Mr. Ballard gave a pleased cackle. “You wanted for some crime, young lady?” he teased.
“I’m an incorrigible jaywalker,” Glory confided, and Mr. Ballard laughed.
“I’d better run along before the pie’s all gone. You sure you don’t want to come along?”
Impulsively Glory kissed his cheek. “Maybe I’ll be by later,” she said. Her heartbeat was loud and fast now, pounding in her ears. “Merry Christmas, Mr. Ballard.”
“Merry Christmas to you, little lady,” he responded. He passed Jesse on his way down the hill and touched the brim of his hat in that same courtly manner as before.
Jesse didn’t even seem to see Mr. Ballard; he was looking up at Glory. Reaching her, he took her shoulders in his hands.
“I thought you left for the money,” he said gruffly. “But tonight Gramps told me he threatened to have Dylan framed for some crime if you stayed.”
“Or if I said so much as a word to you,”
Glory clarified, swallowing. “What are you doing here, Jesse?”
He grasped her hand and led her to a nearby bench. After dusting off some of the snow so she could sit, Jesse pressed her onto the bench and dropped to one knee in front of her. Snow and mud were probably seeping through his pant leg, but he didn’t seem to care. “Glory, I was wrong. I was stubborn and prideful, and you were right when you said I was only thinking of myself. Will you forgive me? Please?”
Glory blinked, uncertain that any of this was really happening. Maybe it was all an illusion. “Well—okay.”
Jesse gave a jubilant burst of laughter, rising to his feet and hauling Glory with him. He put his arms around her and kissed her thoroughly. “I love you,” he said when it was over.

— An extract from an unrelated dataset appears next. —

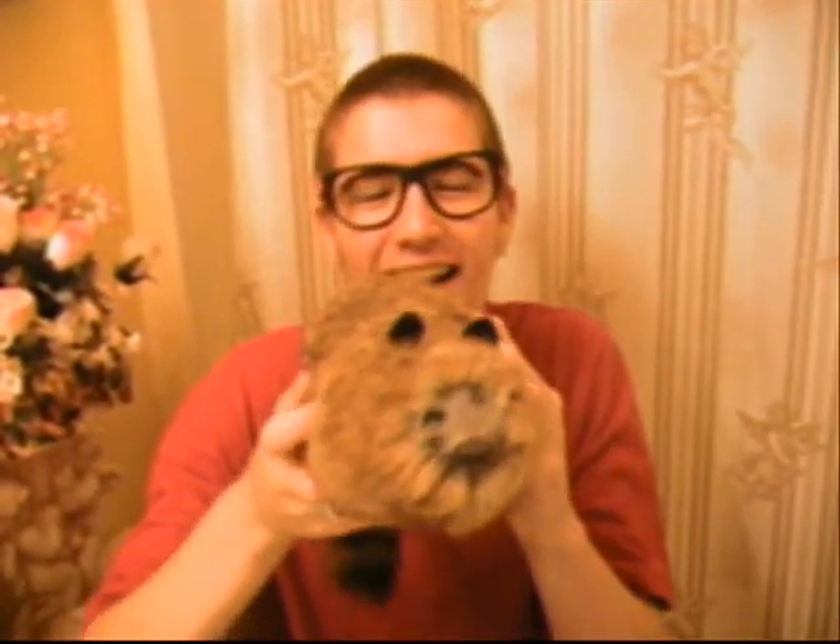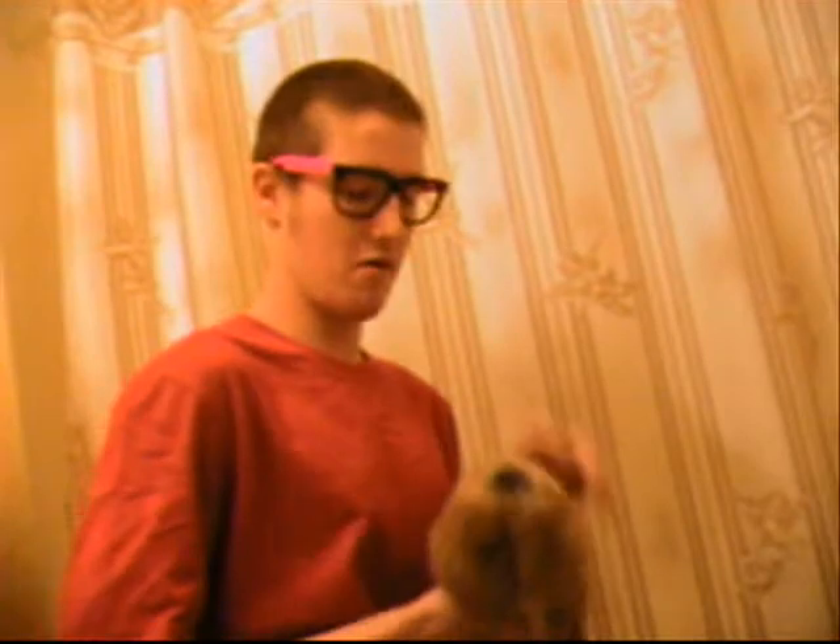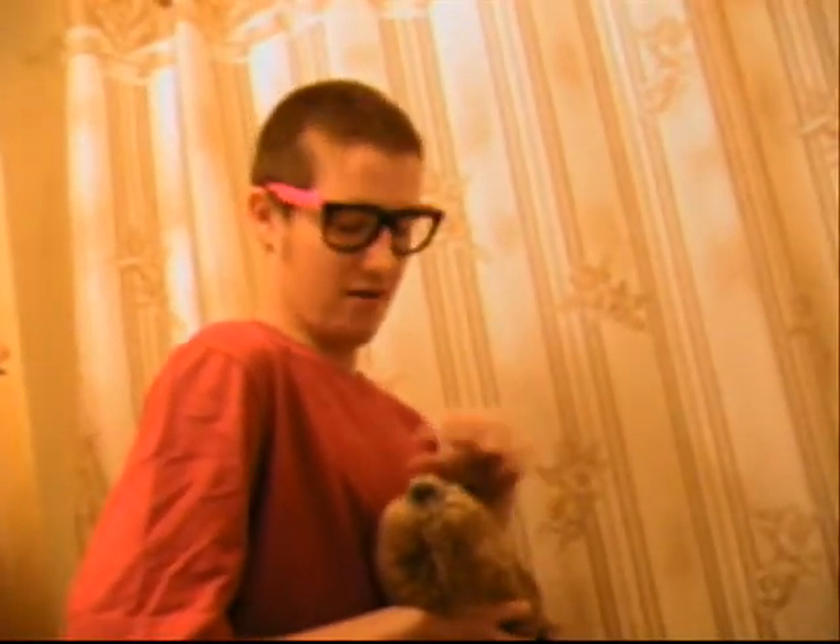Hello. I'm here to show you the weasel. He's like a real pet — he'll eat out of your hand. He gets excited sometimes, or if he gets scared, he might...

She stared up at him. This was real, all right. No fantasy kiss had ever felt like that. “Well, I love you, too, but—”
He laid a finger to her lips. “But nothing. Will you marry me, Glory? Now—tonight?”

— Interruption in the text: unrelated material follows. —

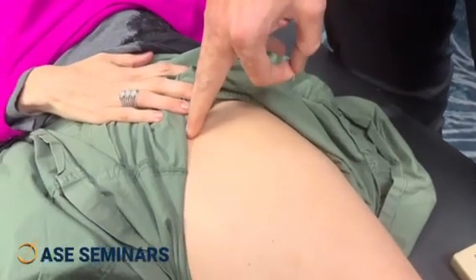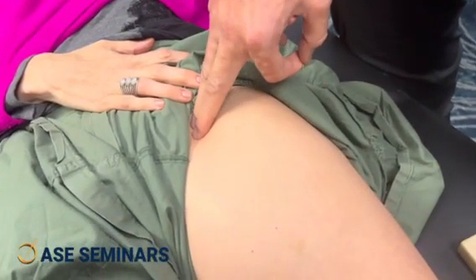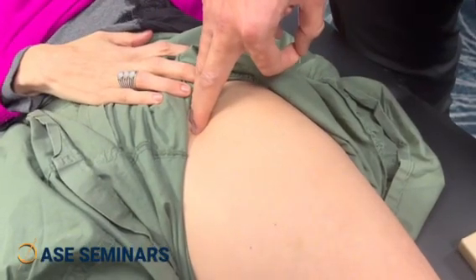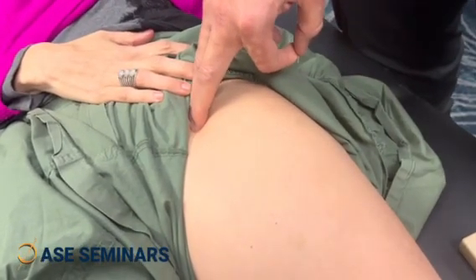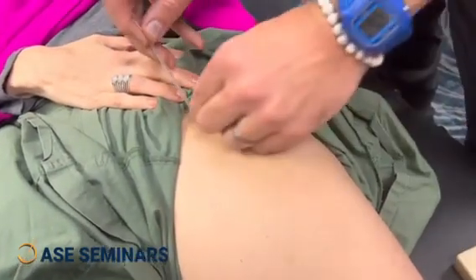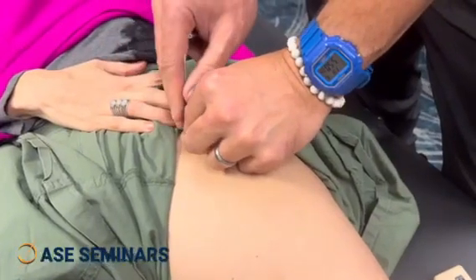We find the femoral pulse right there because it goes vein, artery, nerve — the VAN mnemonic. I'm on the artery, so I go just lateral to that, and that's the nerve. I'm not going to insert deeply.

She kissed the tip of his finger and then reluctantly shook her head. “No, Jesse. We have too many things to work out. But I’ll marry you in the summer if you still want me.”
Jesse held her close, and it felt impossibly good. His lips moved against her temple. “But you won’t leave again—you’ll stay right here in Pearl River?”
Glory cupped her hands on either side of his face, feeling a new beard scratch against her palms. “I’ll stay, Jesse. I promise,” she said, and then she stood on tiptoe to kiss him.
Chapter 11
The lights of the Bainbridge mansion glowed golden through the snowy night, and as the patrol car reached the top of the driveway, the door burst open and a small silhouette appeared in the opening.
“Today Ilene told me to grow up,” Jesse confessed hoarsely, as he brought the car to a stop in front of the garage, “and I think I finally have. No matter what happens between us over the next six months, Glory, Liza is your child as much as mine, and I won’t ever try to keep you away from her again.”
Glory squeezed his hand and pushed open the car door. “Liza!” she called in a happy sob.